Etienne Mollet, humanitaire anti-colonial

Militant d'une association d'aide à l'enfance et au développement rural à Madagascar, Etienne Mollet défend une conception de la coopération internationale basée sur l'implication et les choix des populations concernées. Une manifestation de soutien a lieu le 10 octobre à Besançon.

Etienne Mollet : « Madagascar est surtout la victime typique des ajustements structurels du FMI et de la Banque mondiale pour ouvrir les marchés et détruire les services publics. C'est un des facteurs importants de la paupérisation du pays. » Ph D.B.

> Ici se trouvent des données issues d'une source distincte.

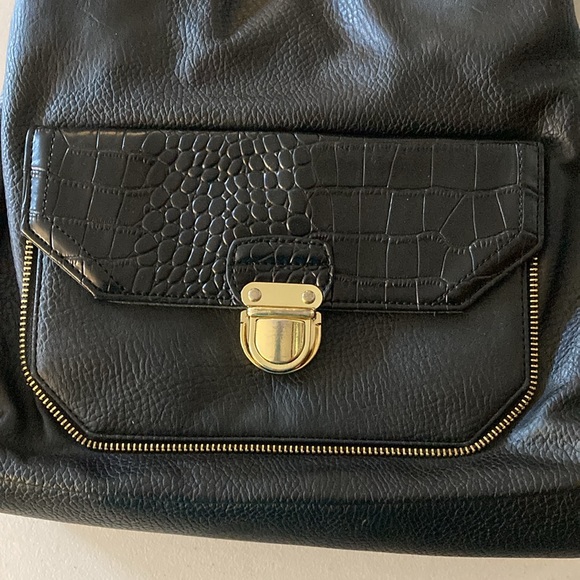 Olivia & Joy, Black faux leather purse, lots of compartments - Picture 3 of 16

Au début de l'histoire d'Amadea, au milieu des années 1980, il y a des adoptants. Depuis deux ans, l'association fait seulement de l'aide au développement et à l'enfance à Madagascar. Son projet s'appuie sur une conviction simple, énoncée par Etienne Mollet : « il faut faire en sorte que les gens fassent les choses par eux-mêmes ». Médecin à la retraite, il a toute sa carrière durant, notamment à l'hôpital de Dole et à l'Espace santé, milité pour l'éducation thérapeutique afin que les patients souffrant de maladies chroniques, notamment le diabète, s'approprient des connaissances et soient acteurs de leur propre santé : qu'ils fassent autant que possible par eux-mêmes...

A quelques jours d'une manifestation culturelle visant à récolter des fonds, il explique le cheminement de l'association en situant son action dans un contexte économique et politique qu'il est important de connaître : la ruine du pays après l'application des remèdes de la Banque mondiale et du Fonds monétaire international.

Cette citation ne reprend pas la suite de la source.